Are you confident you have enough money to buy food for yourself and your family this month? If the answer is no, you’re not alone. It’s estimated that in the U.S. more than 43 million people live in food-insecure homes. Joey O’Loughlin, a Brooklyn-based photojournalist, spent nearly three years working for Food Bank for New York City, a non-profit hunger relief organization, photographing food pantries all over the city, their staffs, and the clients who depend on their services. Her photos of people waiting hours to receive a bag of groceries are reminiscent of photos of bread lines in the 1930s, but the scenes are repeated daily in community centers, schools and houses of worship around the city. A selection of her images and video interviews are now on view at the Brooklyn Historical Society in a show titled “Hidden in Plain Sight: Portraits of Hunger in NYC.” She says she hopes that the exhibition prompts visitors to ask, “What would you do if you couldn’t feed your family?”
Several of the clients O’Loughlin met at food pantries invited her home, and she shows how they combine food pantry supplies with their own grocery purchases to make meals for their families. Caught between diminishing wages and the rising cost of living in New York City, many of O’Loughlin’s subjects count on food banks and feeding programs to make ends meet. Her images and extensive captions explain how much work is required to take advantage of food services. One sleepy four-year-old boy travels with his family every Saturday on a four-mile round trip to visit two food pantries in Queens. O’Loughlin writes, “They stand in line because things haven’t turned out as they planned, and a bag of food from a pantry is a soft spot in a hard time.” A small room of the exhibition includes video stations where visitors can listen to the clients tell their stories in their own words.

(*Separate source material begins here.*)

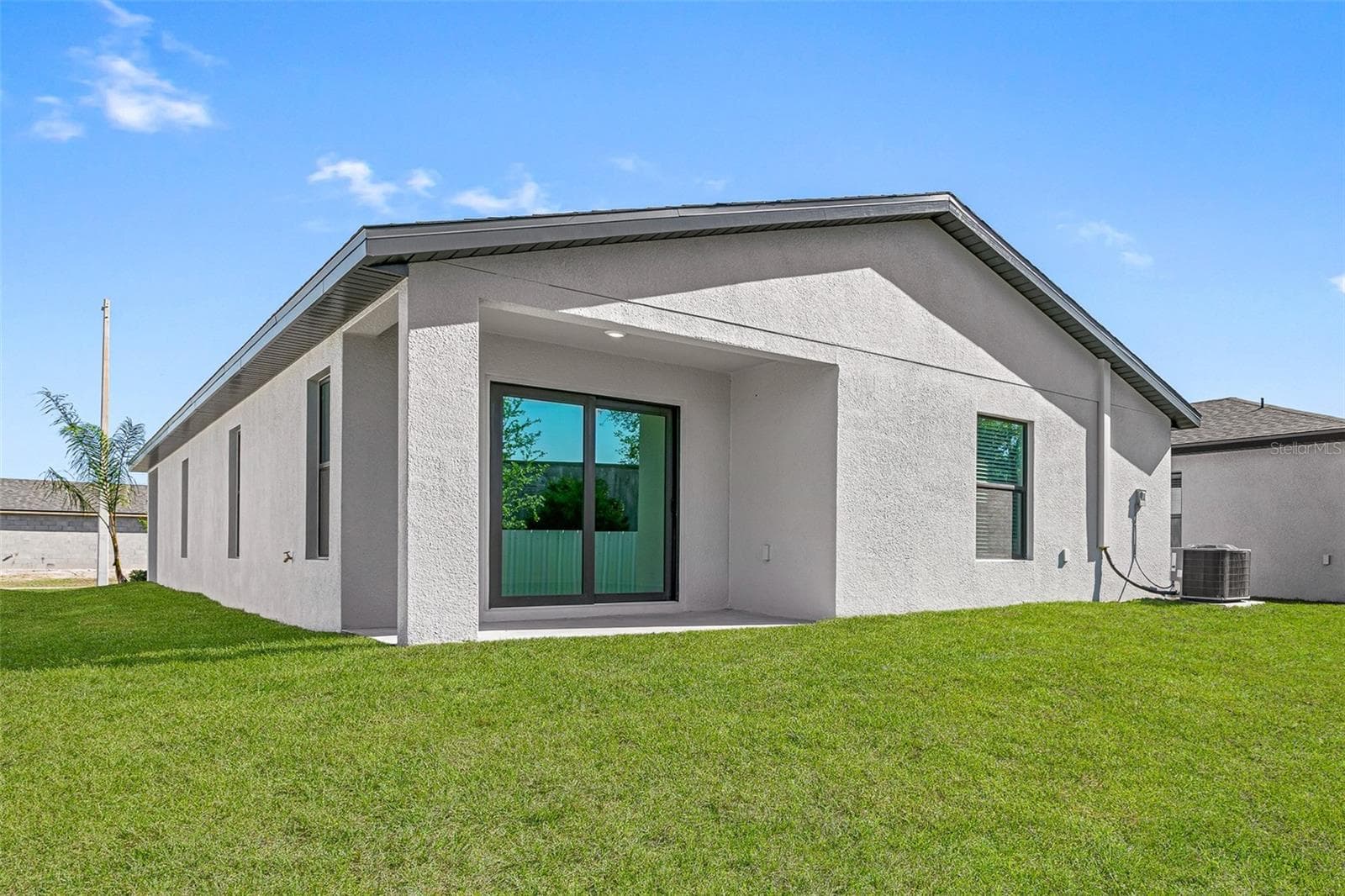 Single Family Residence at 614 BLACKTHORN DR, LAKELAND, photo 2 of 16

O’Loughlin has shot assignments for several social service organizations, both in the U.S. and abroad, and worked as a writer and producer. She has documented families who visit the Brooklyn Autism Center, and worked for the Brooklyn Public Library, documenting its readers and visitors for an exhibition she produced titled “Where the Books Go.” That exhibition caught the attention of Food Bank for NYC, who wanted O’Loughlin to do a similar project about food pantries. Her archive of images grew, and formed the basis for the exhibition at the Brooklyn Historical Society. About “Hidden in Plain Sight,” O’Loughlin says, “The photos in this exhibit are meant to foster connections between the people standing on the lines and the people who walk by them, unaware.” To support that effort, Brooklyn Historical Society is organizing public programming and panels on poverty and hunger while the exhibition is on display throughout the coming election year.